Underactive Adrenal Glands / Addison's Disease
Addison's disease is the result of an underactive adrenal gland. An underactive adrenal gland produces insufficient amounts of cortisol (a steroid hormone that helps to control the body's use of fats, proteins, and carbohydrates, suppresses inflammatory reactions in the body, and affects immune system functions) and aldosterone (a steroid hormone that controls sodium and potassium in the blood). Addison's disease is considered rare. Onset of the disease may occur at any age.
Destruction of the adrenal gland due to an auto-immune response is the most common cause of the disease. Some Addison's disease cases are caused by the actual destruction of the adrenal glands through cancer, infection, an autoimmune process, or other diseases. Other causes may include the following:
- Use of corticosteroids as a treatment (such as prednisone) may cause a slow down in production of natural corticosteroids by the adrenal glands.

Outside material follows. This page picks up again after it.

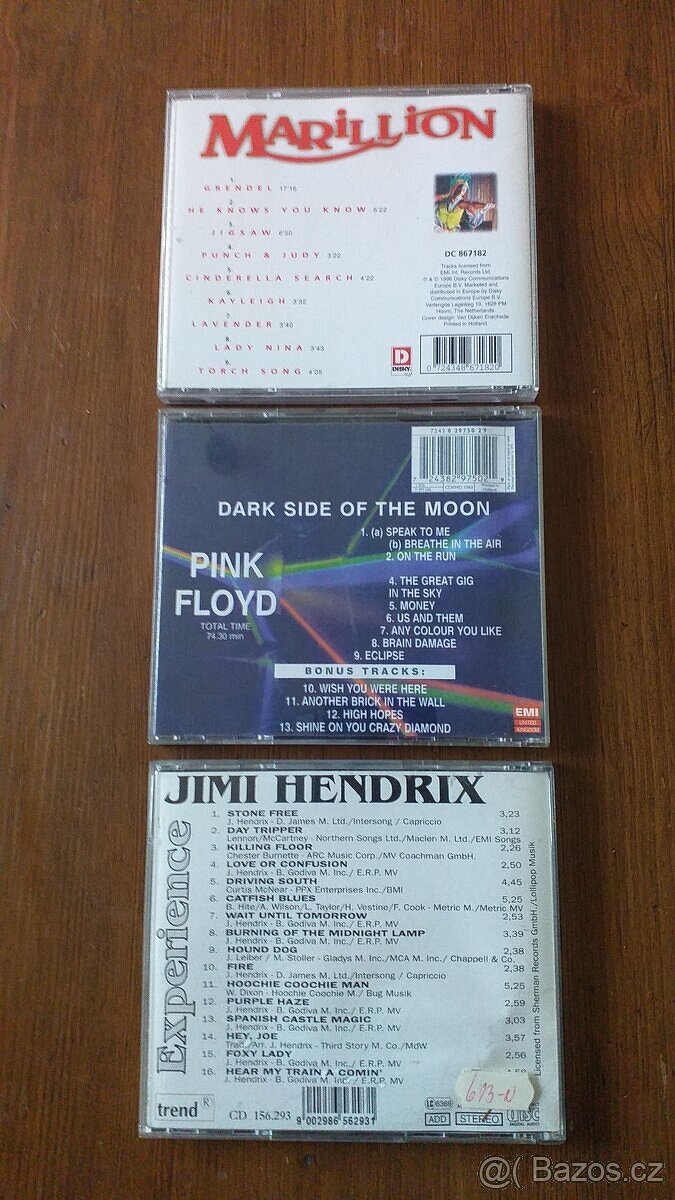 prodám CD dle seznamu - 3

- Certain medications used to treat fungal infections may block production of corticosteroids in the adrenal glands.
- Rarely, Addison's disease is inherited as an X-linked trait, where the gene responsible for the condition is located on the X chromosome and passed down from a healthy female carrier to her sons (50/50 chance), who are affected. In this form, symptoms typically begin in childhood or adolescence.
Lack of adrenal hormones may cause:
- elevated levels of potassium.
- extreme sensitivity to the hormone insulin, which normally is present in the bloodstream. This sensitivity may lead to low blood sugar levels.
- increased risk during stressful periods, such as surgery, infection, or injury. Corticosteroids play an important role in helping the body fight infection and promote health during physical stress.
Mild Addison's disease symptoms may only be apparent when the child is under physical stress. The following are the most common symptoms of Addison's disease. However, each child may experience symptoms differently. Symptoms may include:
- rapid pulse
- dark skin (first noted on hands and face)
- black freckles
- bluish-black discoloration around the nipples, mouth, rectum, scrotum, or vagina
- weight loss
- loss of appetite
- intense salt craving
- muscle aches
- intolerance to cold
If not treated, Addison's disease may lead to severe abdominal pain, extreme weakness, low blood pressure, kidney failure, and shock - especially when the child is experiencing physical stress. The symptoms of Addison's disease may resemble other problems or medical conditions. Always consult your child's physician for a diagnosis.
In addition to a complete medical history and physical examination, diagnostic procedures for Addison's disease may include blood tests to measure corticosteroid hormone levels.
Specific treatment for Addison's disease will be determined by your child's physician based on:
- your child's age, overall health, and medical history
- extent of the disease
- your child's tolerance for specific medications, procedures, or therapies
- expectations for the course of the disease
- your opinion or preference
The goal of treatment is to restore the adrenal glands to normal function, producing normal levels of corticosteroid hormones. Since Addison's disease can be life threatening, treatment often begins with administration of corticosteroids. Corticosteroids, such as prednisone, may be taken orally or intravenously, depending on the child's condition. Usually the child must continue taking the corticosteroids for the rest of his/her life. Treatment may also include taking a medication that helps restore the body's level of sodium and potassium.